About non-test-suite benchmarking...

I have been running some closed source benchmarks, but since we can't
share any data on it, getting historical relative results is almost
pointless. I don't think we should be worried as a community to run
keep open scores about them. Also, since almost every one is running
them behind closed doors, and fixing the bugs with reduced cases, I
think that's the best deal we can get.

I've also tried a few other benchmarks, like running ImageMagick
libraries, or Phoronix, and I have to say, they're not really that
great at spotting regressions. ImageMagick will take a lot of work to
make it into a meaningful benchmark, and Phoronix is not really ready
to be a compiler benchmark (it only compiles once, with the system
compiler, so you have to heavily hack the scripts). If you're up to
it, maybe you could hack those into a nice package, but it won't be
easy.

I know people have done it internally, like I did, but none of these
scripts are ready to be left out in the open, since they're either
very ugly (like mine) or contain private information...

Hope that helps...

cheers,
--renato

If memory serves me well (it doesn’t), these are the list of things we
agreed on making, and their progress:

  1. Performance-specific test-suite: a group of specific benchmarks
    that should be tracked with the LNT infrastructure. Hal proposed to
    look at this, but other people helped implement it. Last I heard there
    was some way of running it but I’m not sure how to do it. I’d love to
    have this as a buildbot, though, so we can track its progress.

We have this in LNT now which can be activated using --benchmarking-only. It’s about 50% faster than a full run and massively reduces the number of false positives.

Chris has also posted a patch to rerun tests which the server said changed. Haven’t tried it yet but it looks really promising.

  1. Statistical analysis of the LNT data. A lot of work has been put
    into this and I believe it’s a lot better. Anton, Yi and others have
    been discussing and submitting many patches to make the LNT reporting
    infrastructure more stable, less prone to noise and more useful all
    round. It’s not perfect yet, but a lot better than last year’s.
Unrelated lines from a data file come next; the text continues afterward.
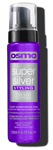 Osmo Super Silver - Violet Conditioning Foam (200ml)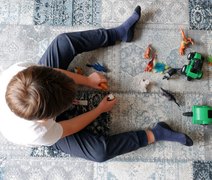 Fazer Mais: projeto enaltece ONG’s que acolhem crianças e adolescentes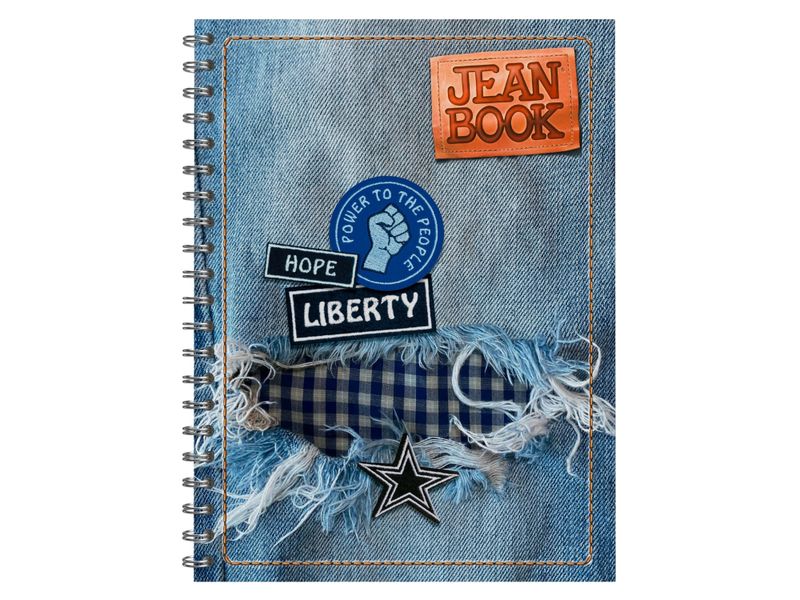 Cuaderno-Norma-Jean-Book-Doble-Raya-5M-160-Hojas-4-18550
There’s definitely lots of room for improvement. I’m going to propose some more once we’ve solved the LNT stability issues.

  1. LNT website got really unstable (Internal Server Error every other
    day). This is the reason I stopped submitting results to it, since it
    would make my bot fail. And because I still don’t have a performance
    test-suite bot, I don’t really care much for the results. But with the
    noise reduction, it’d be really interesting to monitor the progress,
    even of the full test-suite, but right now, I can’t afford to have
    random failures. This seriously needs looking into and would be good
    to have that as a topic in this BoF.

We are now testing PostgreSQL as database backend on the public perf server, replacing the SQLite db. Hopefully this can improve the stability and system performance.
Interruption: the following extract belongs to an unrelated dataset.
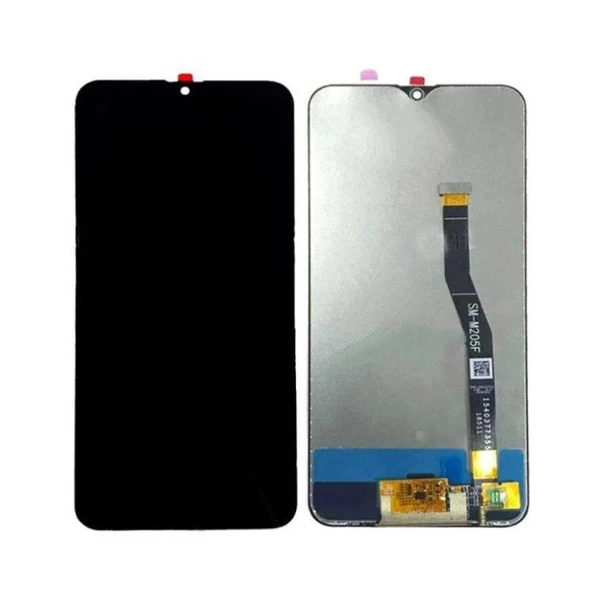 Samsung M20 sm-M205F Servis Lcd Dokunmatik Ekran ( ürün görseli 1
Also being discussing is to move the LNT server to a PaaS service, as it has higher availability and saves a lot of maintenance work. However this will need community to provide or fund the hosting service.

-Yi

We have this in LNT now which can be activated using `--benchmarking-only`.
It's about 50% faster than a full run and massively reduces the number of
false positives.

Excellent! Does that mean I can create another LNT buildbot with an
extra flag and I'll get my benchmarking bot?
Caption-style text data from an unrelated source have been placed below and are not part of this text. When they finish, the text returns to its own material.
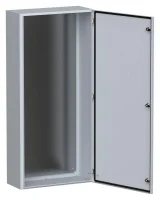 Корпус ЩМП-7-0 1400х650х285 У2 IP54 метал. IEK YKM40-07-54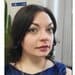Фото Надежды Урядовой — клиент Увозова. Заказывала вывоз мусора в пухто и оставила отзыв. Фото Надежды Урядовой — клиент Увозова. Заказывала вывоз мусора в пухто и оставила отзыв.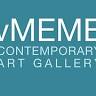 Vmeme Contemporary Art Gallery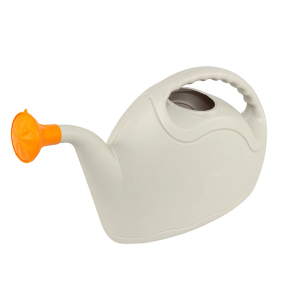 REGADOR DE PLÁSTICO SANREMO BOULEVARD 7L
We are now testing PostgreSQL as database backend on the public perf server,
replacing the SQLite db. Hopefully this can improve the stability and system
performance.

I believe a real database would make things more stable but I don't
think that the problem is in the DB, only that a better DB will hide
the real problem even deeper.

But I'm also not in the position to offer help debug the thing, so
I'll go with what you guys think is the best.

Also being discussing is to move the LNT server to a PaaS service, as it has
higher availability and saves a lot of maintenance work. However this will
need community to provide or fund the hosting service.

I've been thinking about this for a while and I think the LLVM
Foundation could make this happen across the globe.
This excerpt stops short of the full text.